1 It is impossible to marvel at the hard-heartedness and indiscretion of the medical men in many establishments for patients of this kind, who, without attempting to discover the true and only efficacious mode of curing such disease, which is by homoeopathic medicinal (antipsoric) means, content themselves with torturing these most pitiable of all human beings with the most violent blows and other painful torments. By this unconscientious and revolting procedure they debase themselves beneath the level of the turnkeys in a house of correction, for the latter inflict such chastisement as the duty devolving on their office, and on criminals only, whilst the former appear, from a humiliating consciousness of their uselessness as physicians, only to vent their spite at the supposed incurability of mental diseases in harshness towards the pitiable, innocent sufferers, for they are too ignorant to be of any use and too indolent to adopt a judicious mode of treatment.
§ 229
On the other hand, contradiction, eager explanations, rude corrections and invectives, as also weak, timorous yielding, are quite out of place with such patients; they are equally pernicious modes of treating mental and emotional maladies. But such patients are most of all exasperated and their complaint aggravated by contumely, fraud, and deceptions that they can detect. The physician and keeper must always pretend to believe them to be possessed of reason.

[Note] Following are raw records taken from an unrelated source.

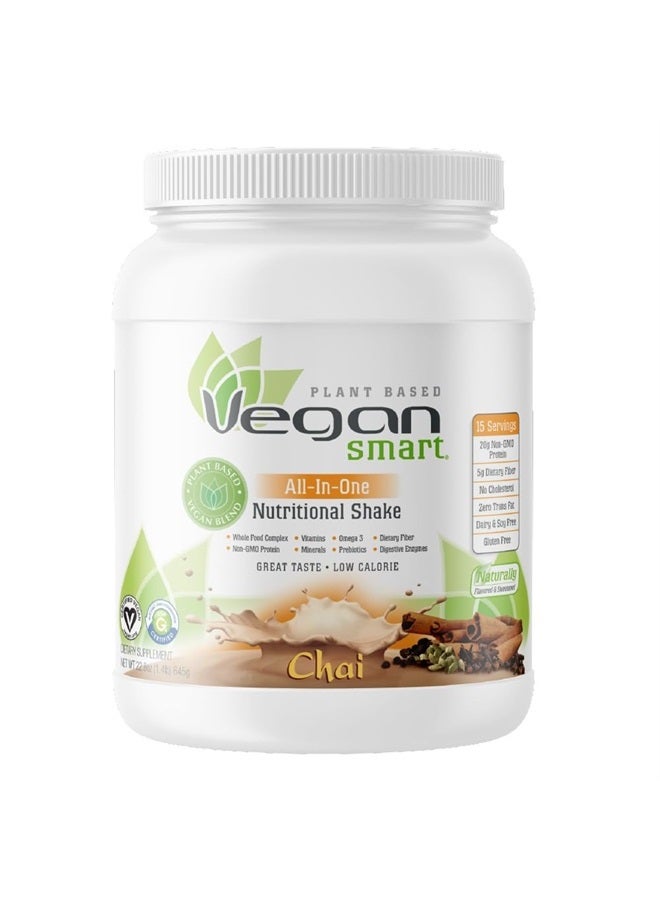 Naturade Plant Based Vegan Protein Powder - All-in-One Nutritional Shake Protein Blend - Gluten Free & Non-GMO - Chai (15 Servings)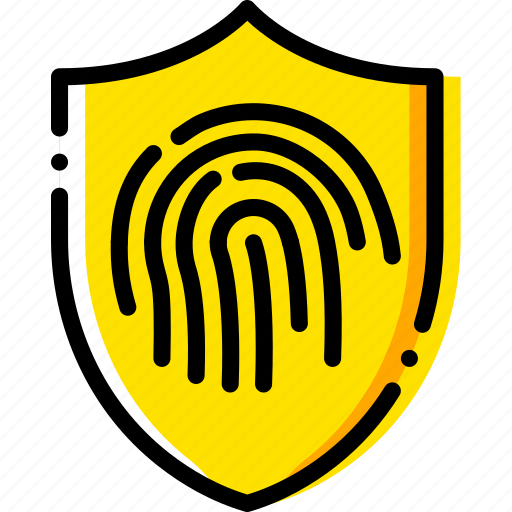 Antivirus, encryption, fingerprint, safe, safety, security, yellow icon - Download on Iconfinder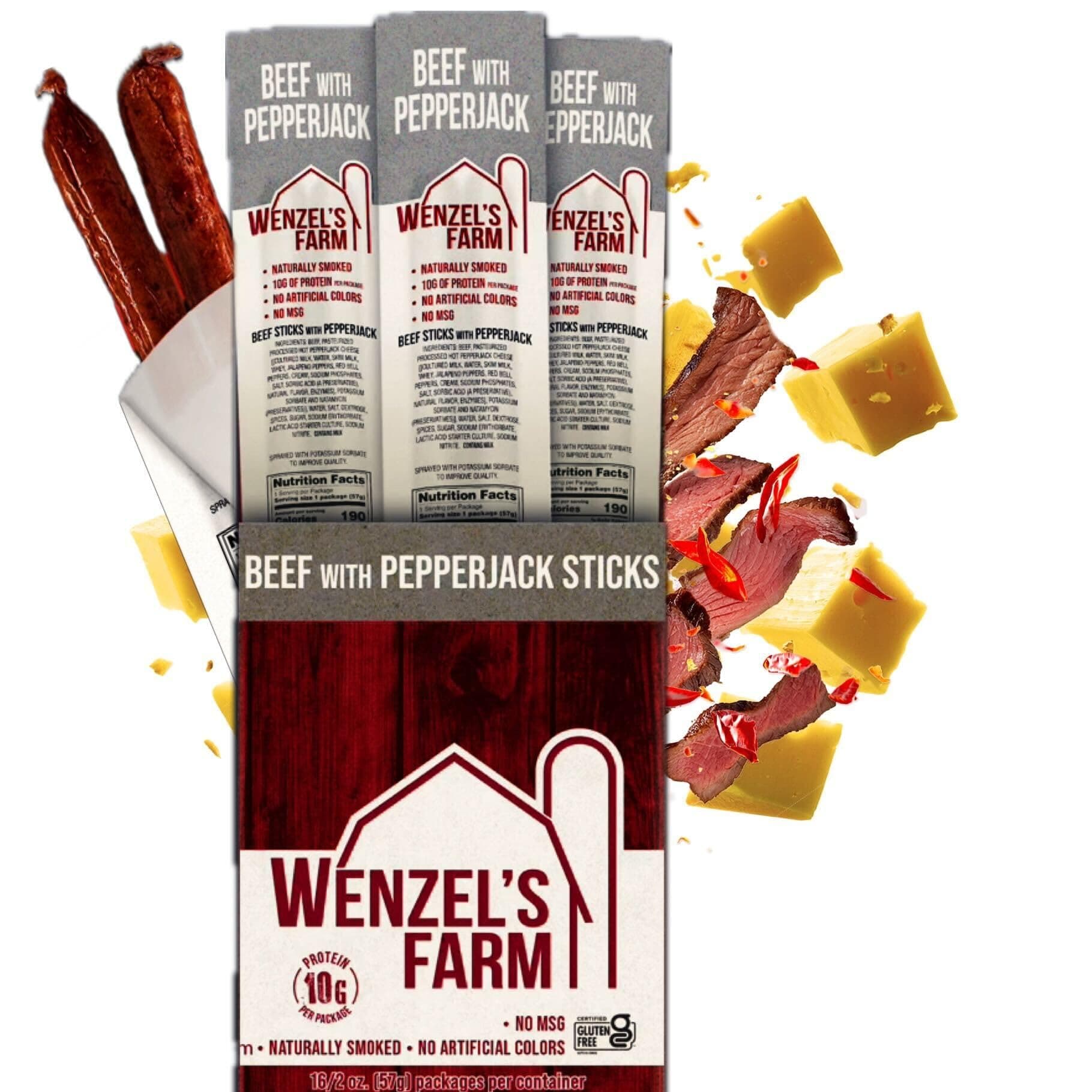 Wenzel’s Farm Beef with Pepperjack Sticks │Snack Sticks │ Flavorful, Naturally Smoked │ High Protein, Low Carb │ No MSG, Fillers, Binders, Artificial Colors │ Gluten Free | 32 sticks (16 packs of 2)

All kinds of external disturbing influences on their senses and disposition should be if possible removed; there are no amusements for their clouded spirit, no salutary distractions, no means of instruction, no soothing effects from conversation, books or other things for the soul that pines or frets in the chains of the diseased body, no invigoration for it, but the care; it is only when the bodily health is changed for the better that tranquillity and comfort again beam upon their mind.1
1 Foot-note in Sixth Edition only.
The treatment of the violent insane manic and melancholic can take place only in an institution specially arranged for their treatment but not within the family circle of the patient.
§ 230
If the antipsoric remedies selected for each particular case of mental or emotional disease (there are incredibly numerous varieties of them) be quite homoeopathically suited for the faithfully traced picture of the morbid state, which, if there be a sufficient number of this kind of medicines known in respect of their pure effects, is ascertained by an indefatigable search for the most appropriate homoeopathic remedy all the more easily, as the emotional and mental state, constituting the principal symptom of such a patient, is so unmistakably perceptible, – then the most striking improvement in no very long time, which could not be brought about by physicking the patient to death with the largest oft – repeated doses of all other unsuitable (allopathic) medicines. Indeed, I can confidently assert, from great experience, that the vast superiority of the homoeopathic system over all other conceivable methods of the treatment is nowhere displayed in a more triumphant light than in mental and emotional diseases of long standing, which originally sprang from corporeal maladies or were developed simultaneously with them.